▸ SUPPLIED MATERIAL:
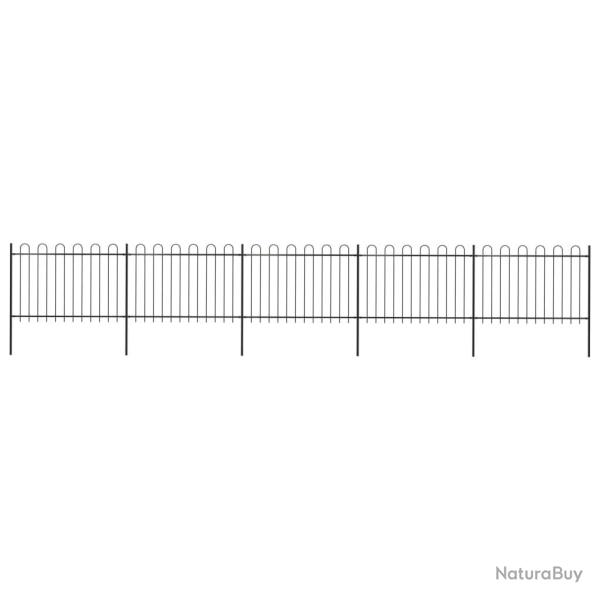 Clture de jardin avec dessus en cerceau Acier 8,5 x 1,2 m Noir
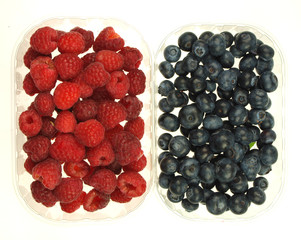 Blueberries and raspberries
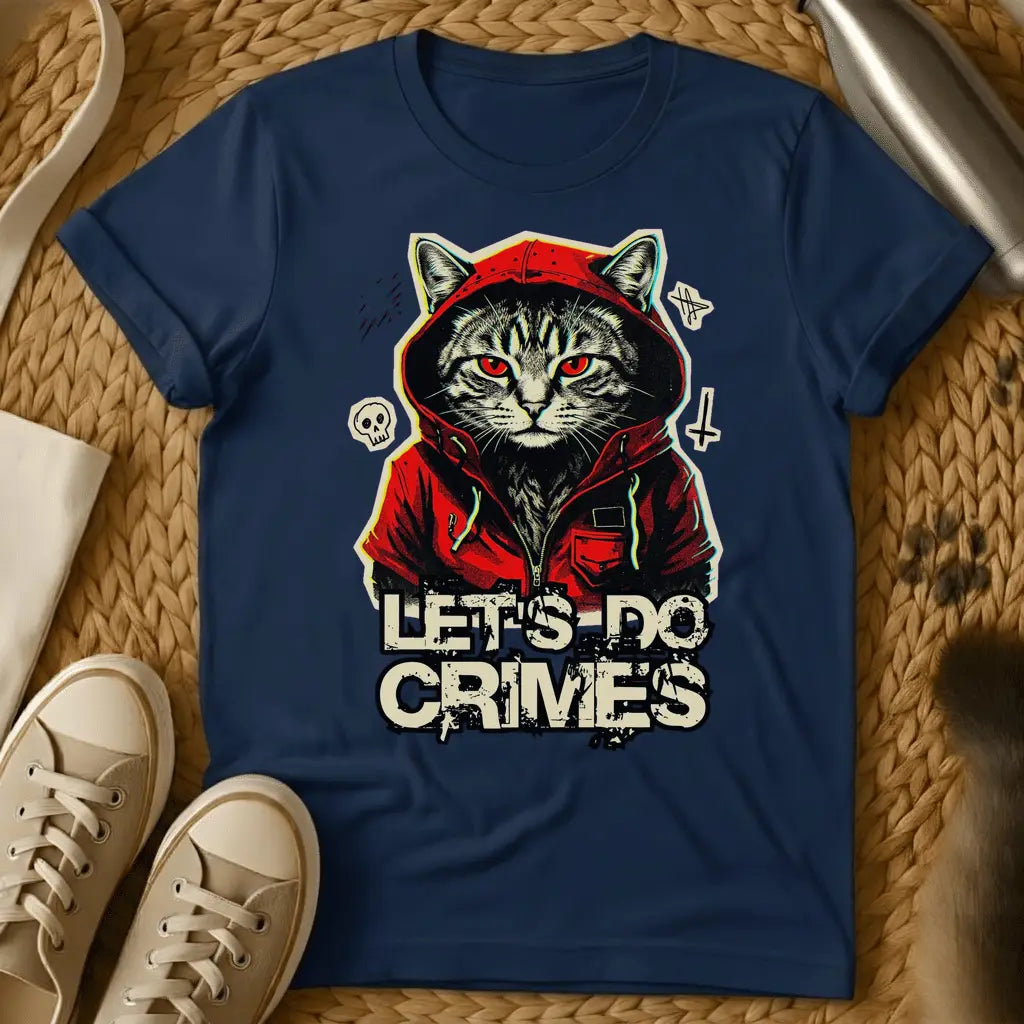 Navy - White t-shirt with a menacing hooded gray tabby cat with red eyes wearing a red hoodie above the words Let's Do Crimes
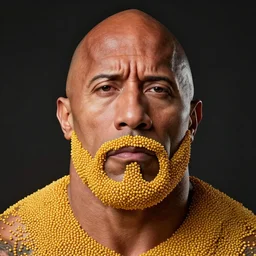 a pile of mustard seeds in the shape of dwayne johnson's face, lifestyle photography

▸ WORK TO COMPLETE:
Write out the whole listing exactly as it appears, and omit the pictures.

▸ SOLUTION TO THE EXERCISE:
 Clture de jardin avec dessus en cerceau Acier 8,5 x 1,2 m Noir
 Blueberries and raspberries
 Navy - White t-shirt with a menacing hooded gray tabby cat with red eyes wearing a red hoodie above the words Let's Do Crimes
 a pile of mustard seeds in the shape of dwayne johnson's face, lifestyle photography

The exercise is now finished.